Oshkosh Corporation arrived at CES 2026 with a message that felt less futuristic than pragmatic: advanced technologies are now being designed for people who work in unpredictable, high-risk environments every day. Rather than focusing on consumer mobility, the company emphasized firefighters, construction crews, sanitation workers, and airport teams—groups whose safety and efficiency depend on equipment that performs reliably under pressure. This framing matters because it signals a shift in how innovation is being prioritized across industrial sectors.
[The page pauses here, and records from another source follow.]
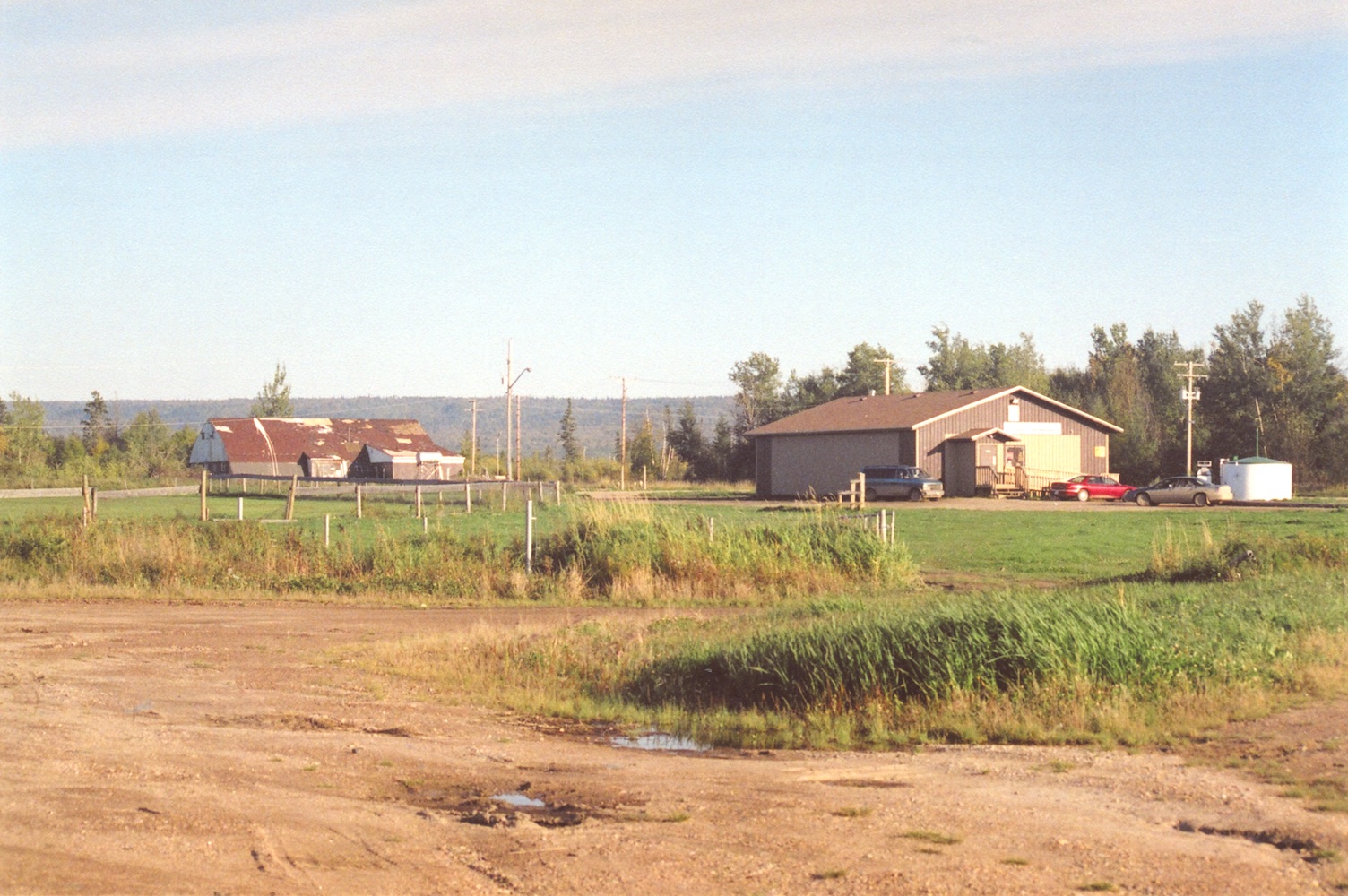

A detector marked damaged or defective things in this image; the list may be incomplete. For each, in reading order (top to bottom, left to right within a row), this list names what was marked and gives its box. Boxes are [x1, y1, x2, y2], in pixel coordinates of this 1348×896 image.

rusty metal roof [744, 388, 1121, 436]
rusty metal roof [204, 415, 458, 463]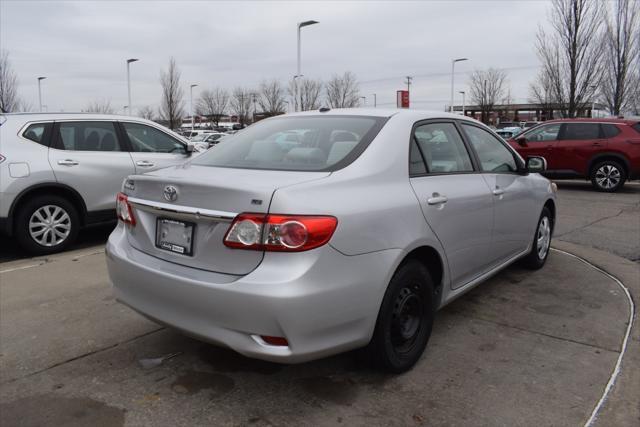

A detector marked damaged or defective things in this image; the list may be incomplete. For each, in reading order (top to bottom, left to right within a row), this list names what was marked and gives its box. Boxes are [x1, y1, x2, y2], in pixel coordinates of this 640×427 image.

crack in pavement [0, 330, 165, 386]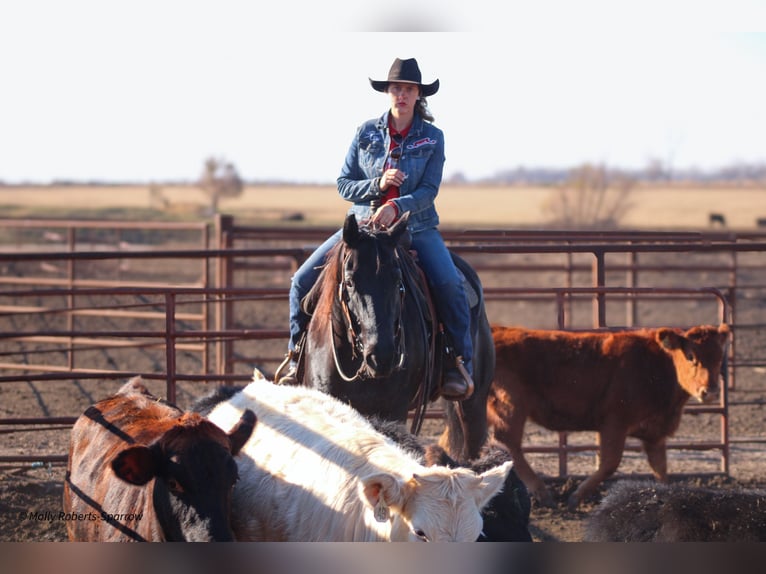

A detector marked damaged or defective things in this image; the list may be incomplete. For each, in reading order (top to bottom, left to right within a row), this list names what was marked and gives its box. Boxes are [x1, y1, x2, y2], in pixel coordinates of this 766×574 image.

rusty pipe fence [1, 216, 766, 482]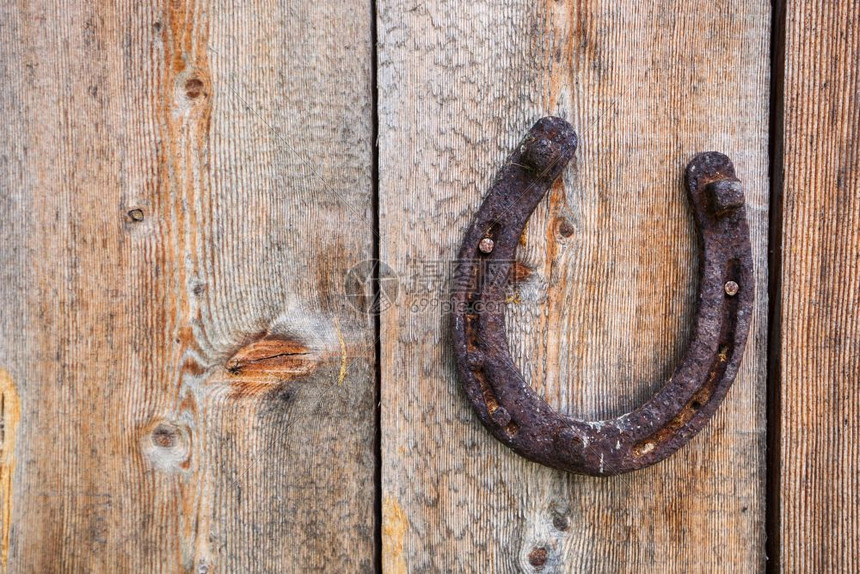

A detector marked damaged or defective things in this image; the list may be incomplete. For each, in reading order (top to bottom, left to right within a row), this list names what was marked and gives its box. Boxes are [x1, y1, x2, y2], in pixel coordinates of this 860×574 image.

rust stain on wood [0, 372, 20, 572]
rusted nail in horseshoe [450, 116, 752, 476]
rusty horseshoe [450, 117, 752, 476]
corroded metal surface [450, 117, 752, 476]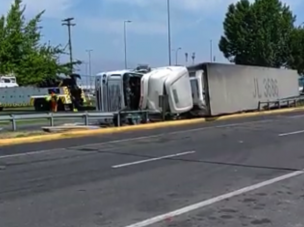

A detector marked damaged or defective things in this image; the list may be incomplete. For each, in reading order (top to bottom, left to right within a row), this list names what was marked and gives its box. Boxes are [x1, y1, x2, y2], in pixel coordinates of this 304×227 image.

overturned semi truck [94, 63, 300, 118]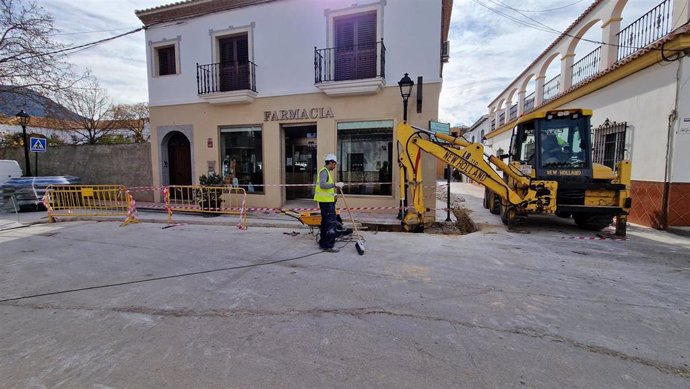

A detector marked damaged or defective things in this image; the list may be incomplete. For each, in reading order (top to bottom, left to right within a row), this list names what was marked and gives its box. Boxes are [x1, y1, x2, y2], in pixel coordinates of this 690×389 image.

crack in pavement [5, 302, 688, 378]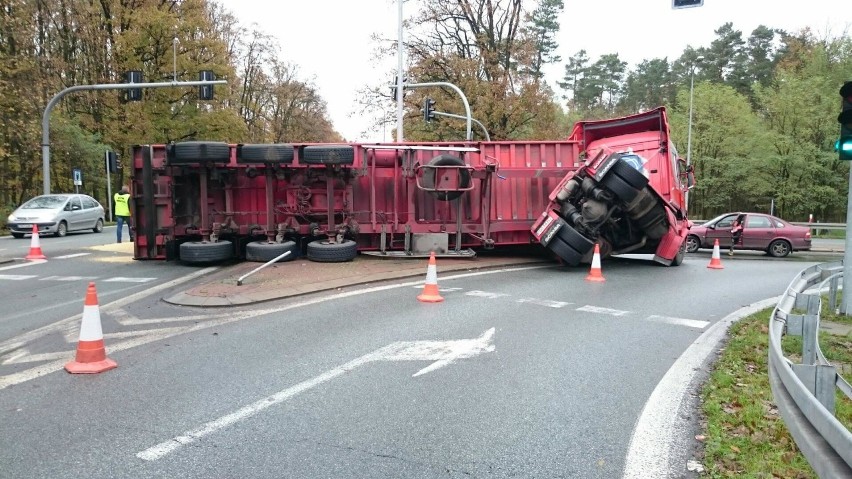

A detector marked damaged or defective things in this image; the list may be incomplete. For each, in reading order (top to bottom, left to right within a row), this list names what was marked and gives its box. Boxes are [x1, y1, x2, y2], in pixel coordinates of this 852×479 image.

overturned red truck [130, 105, 696, 268]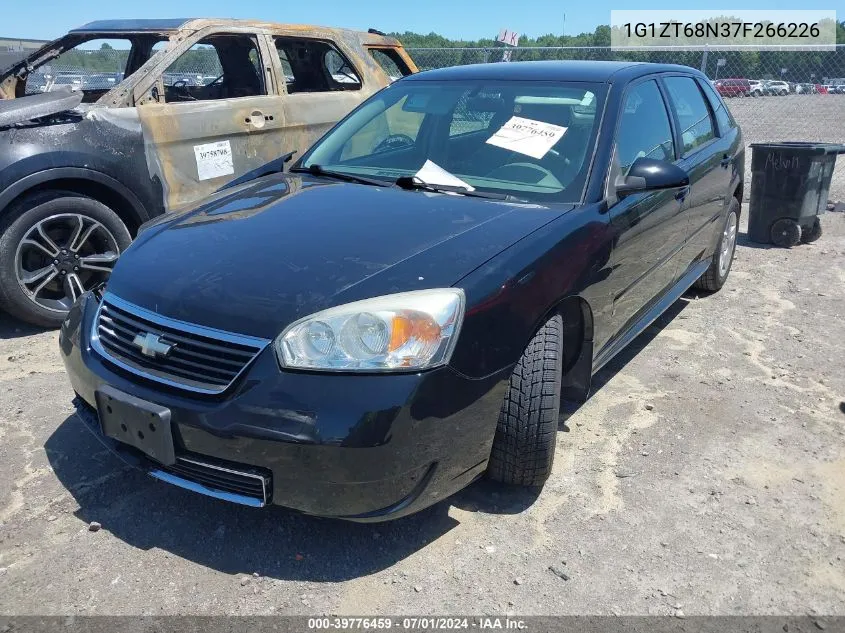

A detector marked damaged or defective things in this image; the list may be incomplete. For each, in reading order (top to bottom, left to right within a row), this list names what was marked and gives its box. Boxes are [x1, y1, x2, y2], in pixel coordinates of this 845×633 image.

damaged vehicle [0, 18, 412, 326]
burned suv [0, 19, 412, 326]
damaged vehicle [62, 61, 740, 520]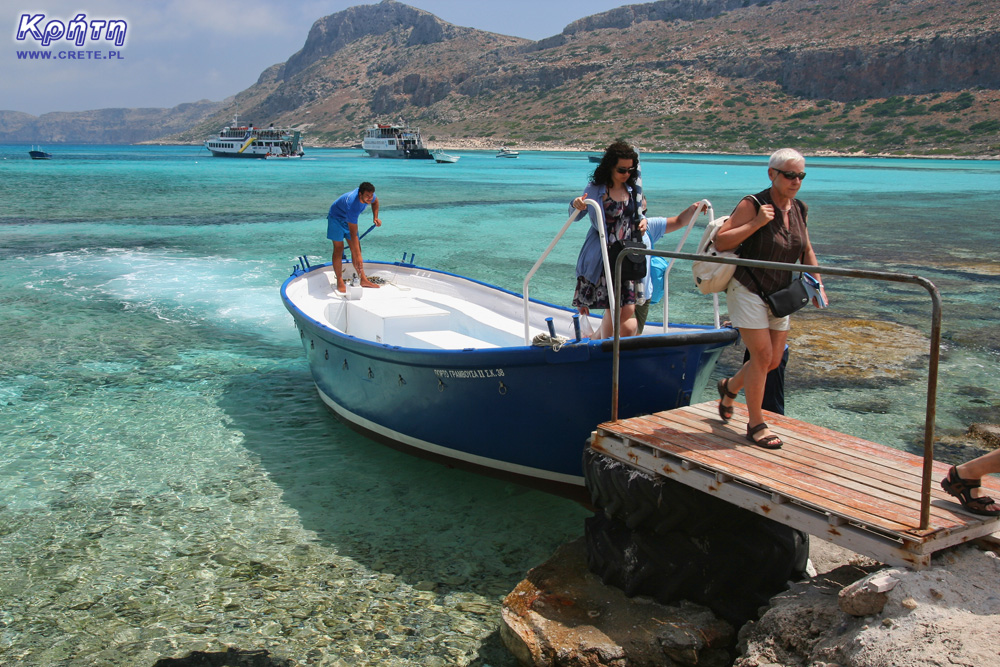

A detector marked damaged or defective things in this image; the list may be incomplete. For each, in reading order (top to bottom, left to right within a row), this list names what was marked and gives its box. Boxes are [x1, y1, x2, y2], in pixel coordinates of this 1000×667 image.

rusty metal frame [604, 248, 940, 528]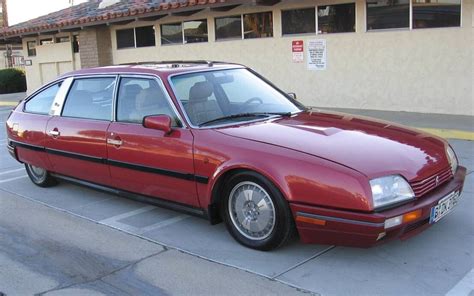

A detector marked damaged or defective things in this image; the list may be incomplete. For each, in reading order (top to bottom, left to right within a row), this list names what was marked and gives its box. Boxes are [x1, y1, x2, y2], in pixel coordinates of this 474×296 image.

pavement crack [33, 250, 167, 296]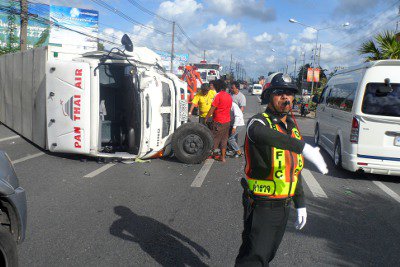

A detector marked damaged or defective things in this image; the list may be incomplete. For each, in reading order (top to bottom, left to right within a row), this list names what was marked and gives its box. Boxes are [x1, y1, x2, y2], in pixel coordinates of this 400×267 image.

overturned white truck [0, 36, 214, 164]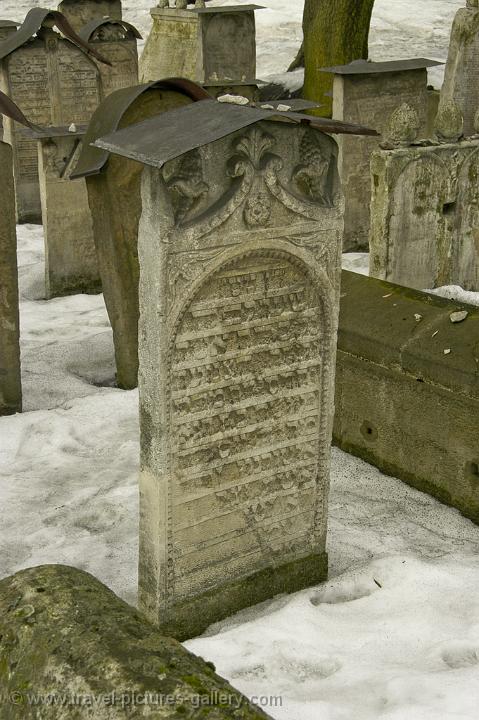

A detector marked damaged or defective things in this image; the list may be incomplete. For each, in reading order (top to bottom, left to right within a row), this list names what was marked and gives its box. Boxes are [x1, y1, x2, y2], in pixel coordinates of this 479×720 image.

rusted sheet metal cover [0, 7, 111, 65]
rusted sheet metal cover [79, 17, 142, 42]
rusted sheet metal cover [320, 57, 444, 74]
rusted sheet metal cover [0, 88, 41, 131]
rusted sheet metal cover [71, 77, 212, 180]
rusted sheet metal cover [93, 97, 378, 170]
broken gravestone [94, 98, 376, 640]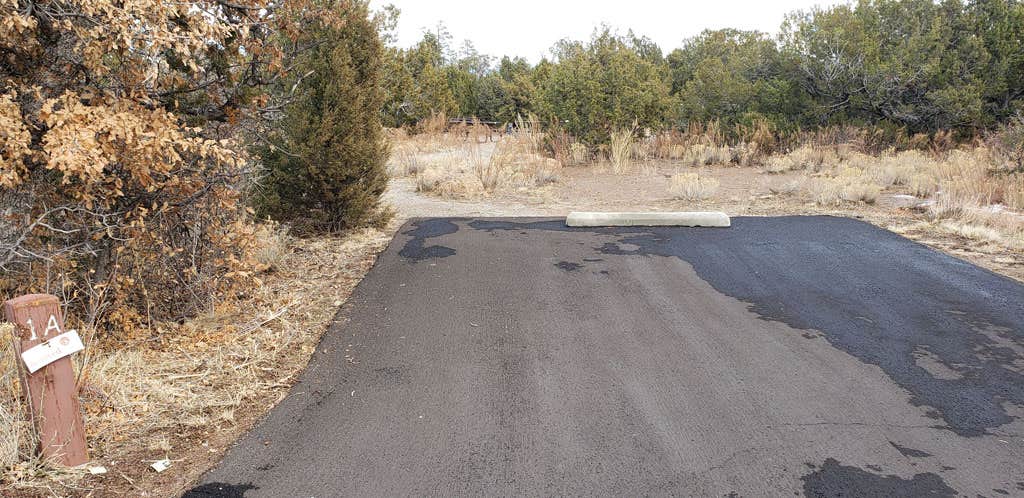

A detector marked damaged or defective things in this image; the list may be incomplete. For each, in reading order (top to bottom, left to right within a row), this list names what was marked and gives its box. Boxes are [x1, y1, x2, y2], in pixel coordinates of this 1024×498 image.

rusty post [3, 294, 88, 464]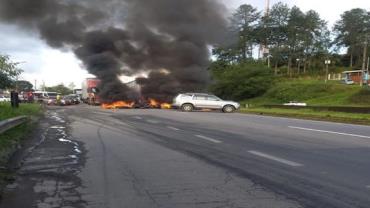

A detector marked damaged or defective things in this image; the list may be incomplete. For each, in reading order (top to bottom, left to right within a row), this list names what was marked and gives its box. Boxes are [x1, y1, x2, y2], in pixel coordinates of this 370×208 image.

burnt mark on asphalt [0, 109, 86, 207]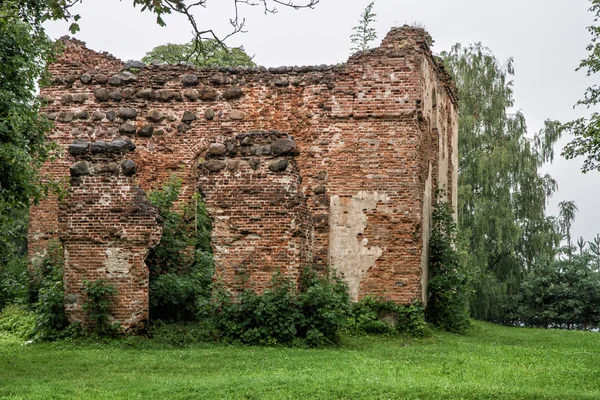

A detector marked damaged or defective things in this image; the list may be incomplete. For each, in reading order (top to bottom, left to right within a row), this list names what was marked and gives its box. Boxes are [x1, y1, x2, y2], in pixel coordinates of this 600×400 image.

peeling plaster [328, 191, 390, 300]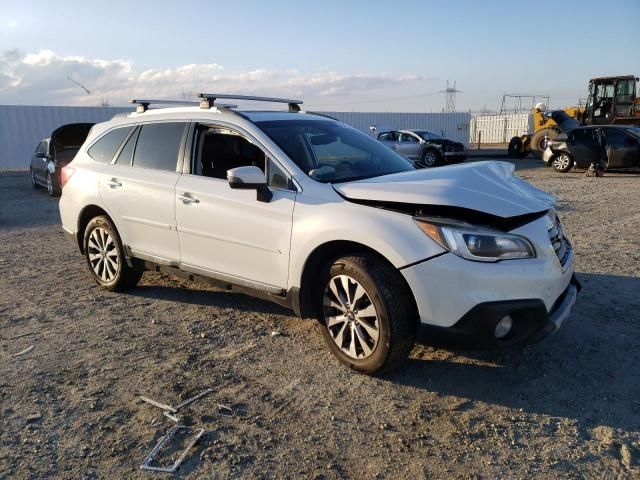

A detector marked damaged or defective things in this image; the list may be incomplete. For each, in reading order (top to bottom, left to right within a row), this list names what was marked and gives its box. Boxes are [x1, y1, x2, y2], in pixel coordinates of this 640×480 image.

crumpled hood [336, 163, 556, 219]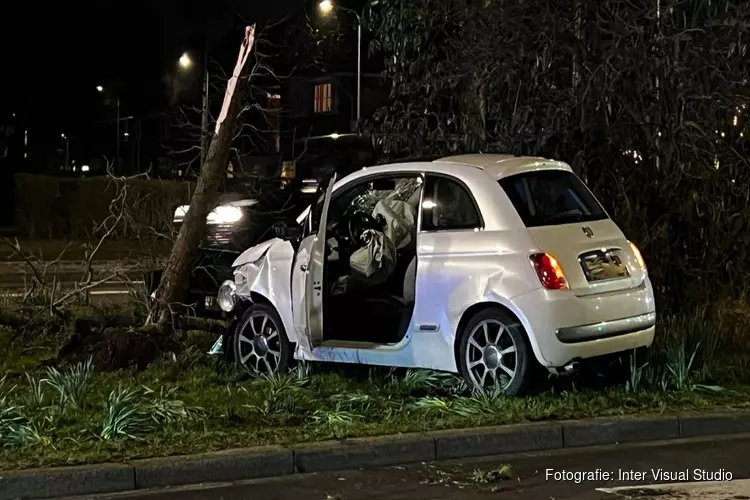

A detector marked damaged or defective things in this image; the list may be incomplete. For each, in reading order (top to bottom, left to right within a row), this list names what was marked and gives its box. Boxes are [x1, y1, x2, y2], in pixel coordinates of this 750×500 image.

crumpled hood [232, 237, 282, 268]
crashed white car [214, 154, 656, 396]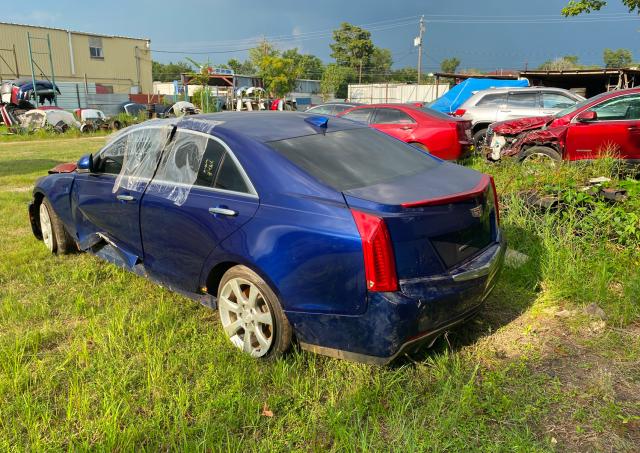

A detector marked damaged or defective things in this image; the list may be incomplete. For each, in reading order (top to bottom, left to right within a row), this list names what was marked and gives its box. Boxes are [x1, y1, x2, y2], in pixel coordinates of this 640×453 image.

red damaged car [338, 103, 472, 160]
wrecked vehicle [484, 86, 640, 162]
red damaged car [484, 87, 640, 163]
wrecked vehicle [28, 113, 504, 364]
damaged rear bumper [290, 233, 504, 364]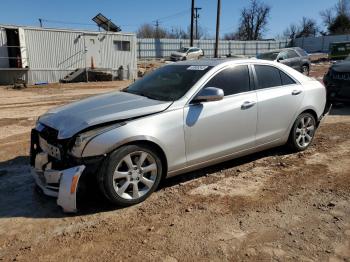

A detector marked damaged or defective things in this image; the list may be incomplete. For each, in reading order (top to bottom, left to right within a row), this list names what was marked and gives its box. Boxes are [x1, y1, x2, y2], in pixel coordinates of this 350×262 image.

crumpled hood [38, 90, 172, 139]
damaged bumper [32, 152, 85, 212]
On construction sites, Oshkosh highlighted how autonomy and connectivity are beginning to replace fragmented, manual workflows. Autonomous boom lifts and coordinated scissor lifts aim to reduce the need for workers to operate at height while improving precision in repetitive tasks. The implication is not a fully automated job site, but one where machines absorb the most hazardous and physically demanding work.
In neighborhoods and municipal services, the company’s use of AI reflects a growing focus on prevention rather than reaction. Systems that detect recycling contamination or anticipate roadside collisions attempt to intervene before small errors turn into safety incidents or environmental setbacks. These technologies suggest a broader trend toward embedding intelligence directly into public infrastructure, where outcomes depend as much on behavior as on equipment.
Airports offer a different lens on the same convergence of autonomy, electrification, and data. Electrified emergency vehicles and modular autonomous robots are designed to operate continuously in complex, time-sensitive environments. Here, efficiency is inseparable from reliability, as even minor delays can ripple across tightly coordinated systems that serve millions of travelers.
Taken together, Oshkosh’s CES presence illustrates how advanced technology is being translated into operational reality. The significance lies not in any single robot or electric vehicle, but in the integration of AI, autonomy, and connectivity across diverse settings. As these tools move from demonstrations to deployment, they reveal how innovation is increasingly measured by its ability to quietly improve safety, resilience, and productivity for those doing the hardest work.